There is no statistically significant difference over time for the USA, but there is for the USSR. The Mann-Whitney U test should still be able to identify it despite the tiny sample size. Let's examine genres.

In [21]:
t.groupby('genre').count().sort_values(by = 'num', ascending = False).head()
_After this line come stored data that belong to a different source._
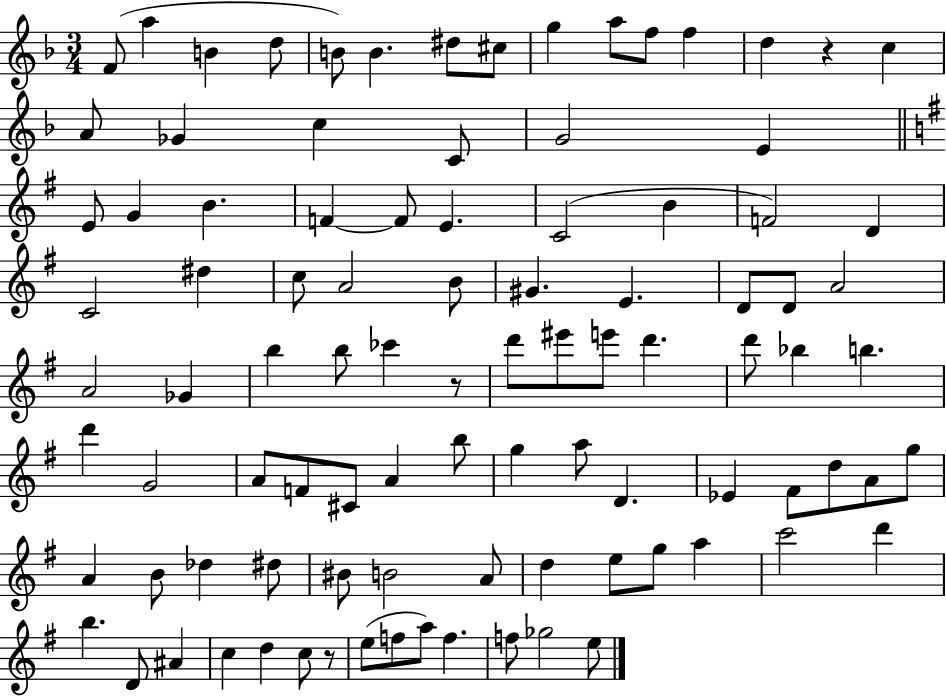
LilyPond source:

{
  \clef treble
  \numericTimeSignature
  \time 3/4
  \key f \major
  f'8( a''4 b'4 d''8 | b'8) b'4. dis''8 cis''8 | g''4 a''8 f''8 f''4 | d''4 r4 c''4 | \break a'8 ges'4 c''4 c'8 | g'2 e'4 | \bar "||" \break \key g \major e'8 g'4 b'4. | f'4~~ f'8 e'4. | c'2( b'4 | f'2) d'4 | \break c'2 dis''4 | c''8 a'2 b'8 | gis'4. e'4. | d'8 d'8 a'2 | \break a'2 ges'4 | b''4 b''8 ces'''4 r8 | d'''8 eis'''8 e'''8 d'''4. | d'''8 bes''4 b''4. | \break d'''4 g'2 | a'8 f'8 cis'8 a'4 b''8 | g''4 a''8 d'4. | ees'4 fis'8 d''8 a'8 g''8 | \break a'4 b'8 des''4 dis''8 | bis'8 b'2 a'8 | d''4 e''8 g''8 a''4 | c'''2 d'''4 | \break b''4. d'8 ais'4 | c''4 d''4 c''8 r8 | e''8( f''8 a''8) f''4. | f''8 ges''2 e''8 | \break \bar "|."
}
Unnamed: 0_level_0,num,name_rus,rating_new,origin,rating_old,qty_views
genre,Unnamed: 1_level_1,Unnamed: 2_level_1,Unnamed: 3_level_1,Unnamed: 4_level_1,Unnamed: 5_level_1,Unnamed: 6_level_1
фантастика/ боевик,19,19,19,19,19,19
мультфильм/ фэнтези,13,13,13,13,13,13
драма/ мелодрама,13,13,13,13,13,13
драма,12,12,12,12,12,12
триллер/ драма,11,11,11,11,11,11


In [22]:
u1, p = mannwhitneyu(x = t.loc[t.genre == 'фантастика/ боевик', 'rating_new'], y = t.loc[t.genre == 'фантастика/ боевик', 'rating_old']
                     , alternative = 'two-sided')
u1, p

(121.5, 0.0787049093768963)

There isn't any statistical difference between action movie ratings over time, or at least there is very little likelihood that there is. Let's use bootstrap to verify the same thing.

In [34]:
from bstrap import bootstrap

In [38]:
old_stats, new_stats, p_value = bootstrap(np.mean, t.rating_old, t.rating_new, nbr_runs=1000)
old_stats, new_stats, p_value

({'avg_metric': 8.179429999999991,
  'metric_ci_lb': 8.160399999999992,
  'metric_ci_ub': 8.19881999999999},
 {'avg_metric': 8.184998399999996,
  'metric_ci_lb': 8.156799999999995,
  'metric_ci_ub': 8.215199999999998},
 0.806)

We can see that the statistical differences between the evaluations are still insignificant. Let's examine the nations and the genres:

In [39]:
old_stats, new_stats, p_value = bootstrap(np.mean, t.loc[t.origin == 'США', 'rating_old'], t.loc[t.origin == 'США', 'rating_new'], nbr_runs=1000)
old_stats, new_stats, p_value

({'avg_metric': 8.177637272727278,
  'metric_ci_lb': 8.149090909090916,
  'metric_ci_ub': 8.206363636363644},
 {'avg_metric': 8.15514181818182,
  'metric_ci_lb': 8.111772727272728,
  'metric_ci_ub': 8.20181818181818},
 0.519)

In [40]:
old_stats, new_stats, p_value = bootstrap(np.mean, t.loc[t.origin == 'СССР', 'rating_old'], t.loc[t.origin == 'СССР', 'rating_new'], nbr_runs=1000)
old_stats, new_stats, p_value

({'avg_metric': 8.237703225806452,
  'metric_ci_lb': 8.183870967741935,
  'metric_ci_ub': 8.290483870967744},
 {'avg_metric': 8.378712903225807,
  'metric_ci_lb': 8.325806451612904,
  'metric_ci_ub': 8.43225806451613},
 0.003)

In [41]:
old_stats, new_stats, p_value = bootstrap(np.mean, t.loc[t.genre == 'фантастика/ боевик', 'rating_old'], 
                                          t.loc[t.genre == 'фантастика/ боевик', 'rating_new'], nbr_runs=1000)
old_stats, new_stats, p_value

({'avg_metric': 8.16688947368421,
  'metric_ci_lb': 8.110526315789471,
  'metric_ci_ub': 8.231578947368419},
 {'avg_metric': 8.06256842105263,
  'metric_ci_lb': 7.957894736842104,
  'metric_ci_ub': 8.173684210526313},
 0.142)

As we can see, the results are consistent with what we saw with Mann-Whitney U tests: only USSR ratings are different over time, USA and action movies are not statistically significantly different.